The World Health Organization and the United Nations Children’s Agency (UNICEF) has disclosed that the prolonged closure of schools in Africa was harmful to the continent’s school-going children, a BBC report has said.
It has, therefore, call on African governments to promote the safe re-opening of schools during the pandemic by investing in sanitation facilities to prevent the spread of coronavirus in learning institutions.
The two organizations, the report said indicated that students were being exposed to poor nutrition, teenage pregnancies, and violence during their extended stay-at-home as a result of the closure of schools.
The organizations made the call in a virtual press briefing on Thursday, August 20, 2020.
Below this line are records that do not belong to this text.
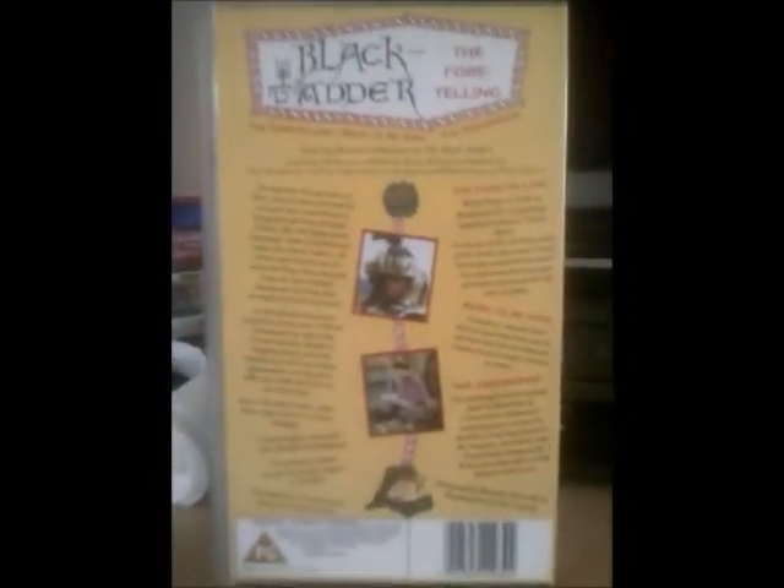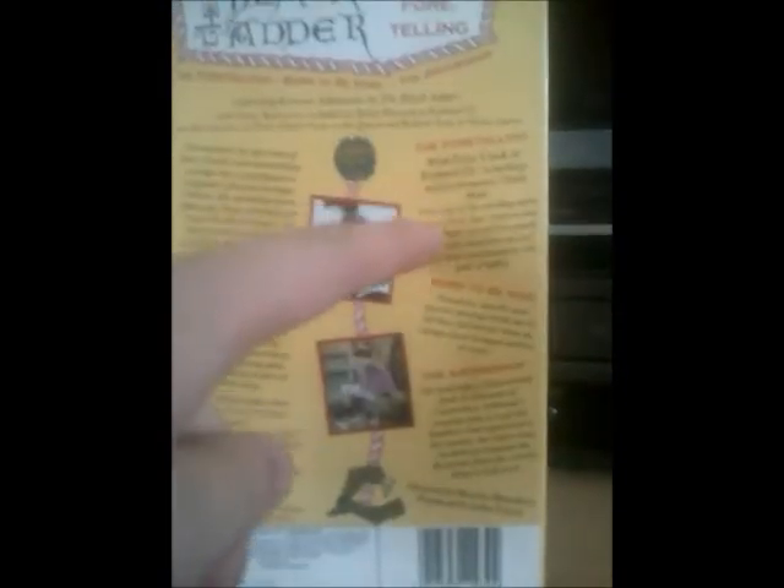And here's the back. It's got three episodes: The Foretelling with Peter Cook as Richard III, Born to Be King, and The Archbishop. The Foretelling marks the very first time that we see Baldrick and the name Blackadder, probably from Rowan Atkinson no doubt. It was from 1990 and that was 100 minutes on that one. It was designed by Crocodile London — that's the same thing as on a Pompeii video, which I showed you from a couple of episodes back.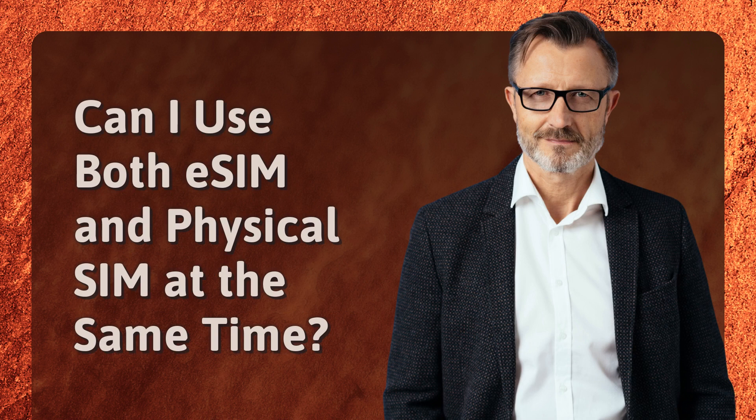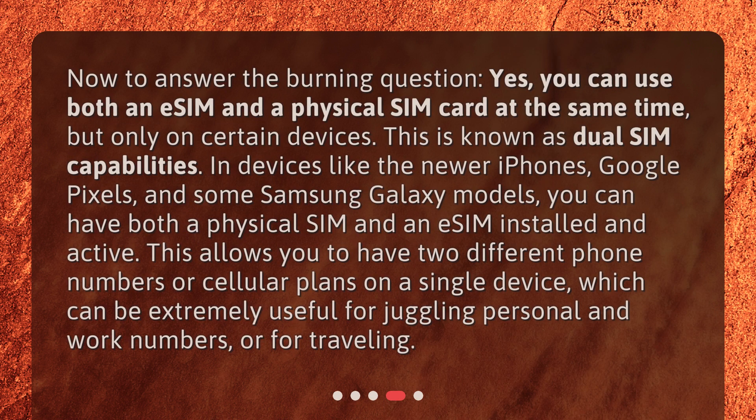Can I use both eSIM and physical SIM at the same time? Now to answer the burning question — yes, you can use both an eSIM and a physical SIM card at the same time, but only on certain devices. This is known as dual SIM capabilities. In devices like the newer iPhones, Google Pixels, and some Samsung Galaxy models, you can have both a physical SIM and an eSIM installed and active. This allows you to have two different phone numbers or cellular plans on a single device, which can be extremely useful for juggling personal and work numbers, or for traveling.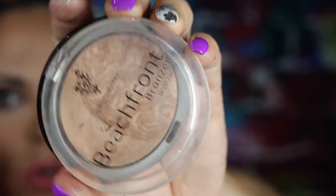Moving on to setting powder — as always, Patrick Star MAC collab. I stocked up on it because I have no idea if they even sell it anymore, but it's literally the best powder I've ever used. For bronzer I'm using the Unique Beachfront Bronzer in Hermosa — it's really pretty and works really well for my skin tone.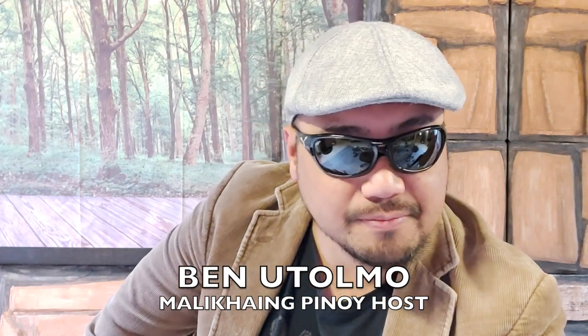How are you, boss? My name is Roy, also known as Ben Utolmo. For those of you who don't know who this man is — I am the husband of Ian. I'll be taking over the channel for a while. I'm not going to talk about lotions and perfumes and some other business adventures. This is a special episode just for you, boss.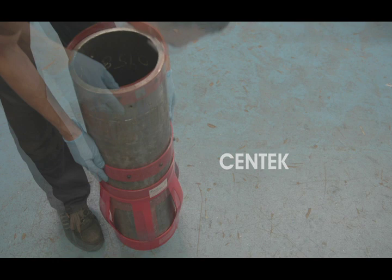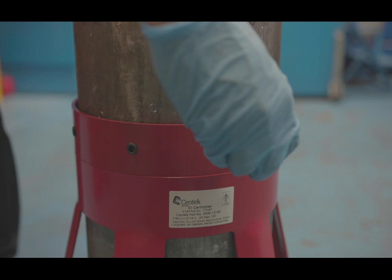In the stop collar overtorque test, we took four nine and five eight stop collars — Sentec, Sledgehammer, Weatherford, and DHP — and we installed these onto a casing.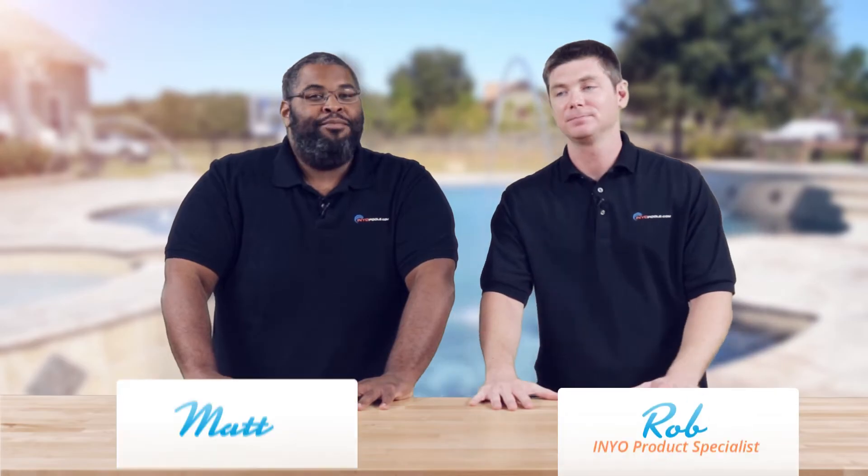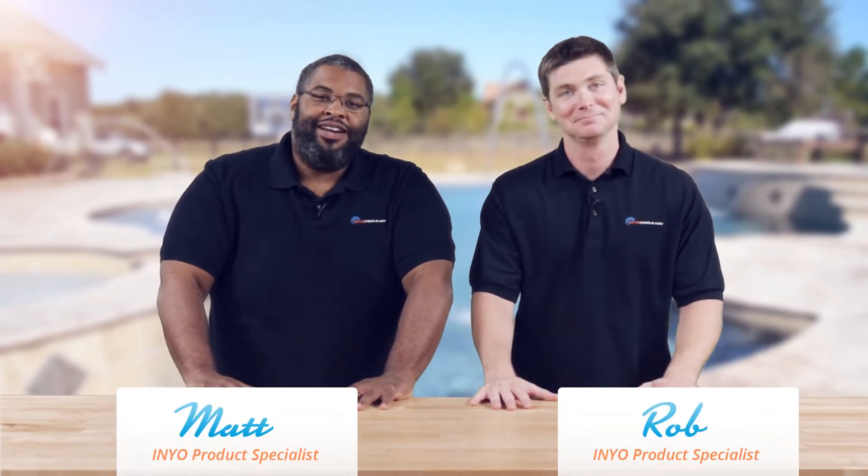Hello and welcome back to another Poolside Chat presented by InyoPools.com. I'm Rob, and I'm Matthew, and per usual I am here against my will. The question goes as such.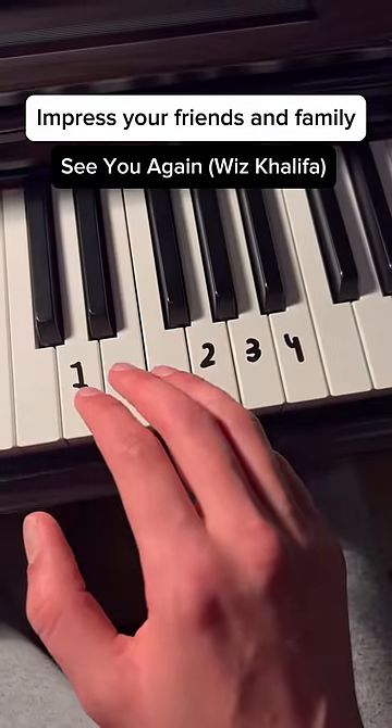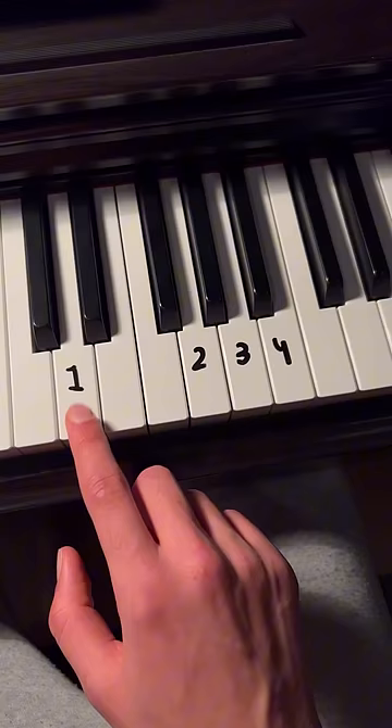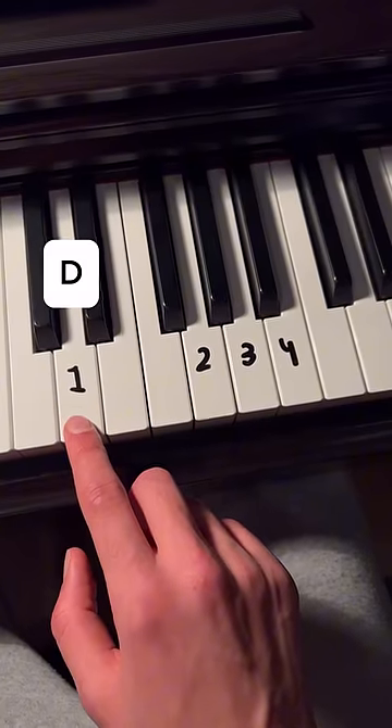Impress your friends and family with 'See You Again' using only white keys. We're going to start with one, which is D, and do this pattern.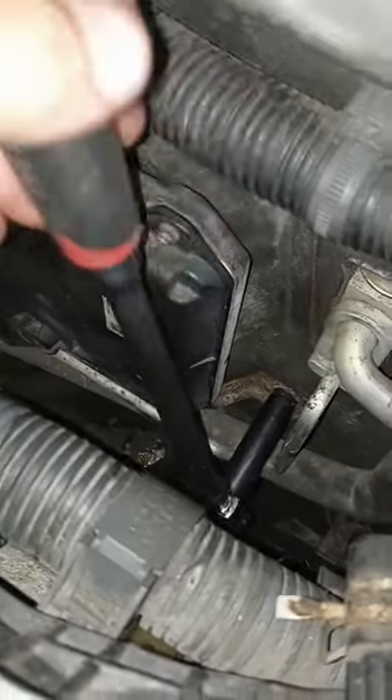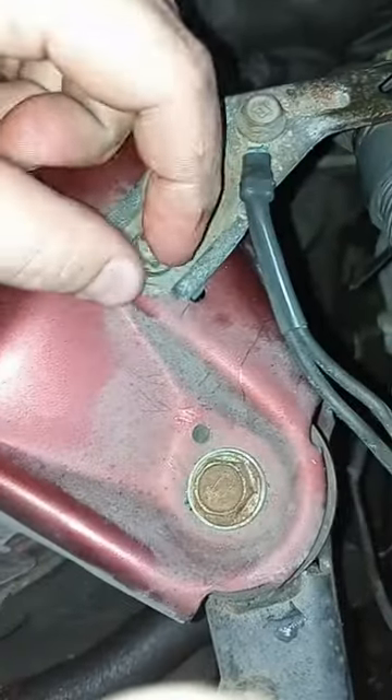Now reinstall the computer. Put the bolts on — a deep well 10 and long head flex handle will work good on this. Bracket, if you took it off, 10 mil.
According to the Regional Director of WHO Matshidiso Moeti, Schools in Africa are a “safe haven” for children hence the need for governments to do their best to ensure students go back to school.
“We must not be blind-sided by our efforts to contain Covid-19 and end up with a lost generation. Just as countries are opening businesses safely, we can reopen schools,” she said during a virtual press briefing on Thursday.
UNICEF Regional Director, Mohamed Fall on his part, said the long closure of schools poses a risk to the future of children and their communities.
Closure of Schools
Schools across the world have been forced to shut down since the beginning of the coronavirus pandemic which hit the world since December 2019.
A survey conducted by the WHO and Unicef has revealed that only six African countries out of 39 others have fully opened schools.
In Ghana, schools closed in March and have since seen only partial re-opening for the final year, universities, senior high schools, and Junior High schools to complete their education.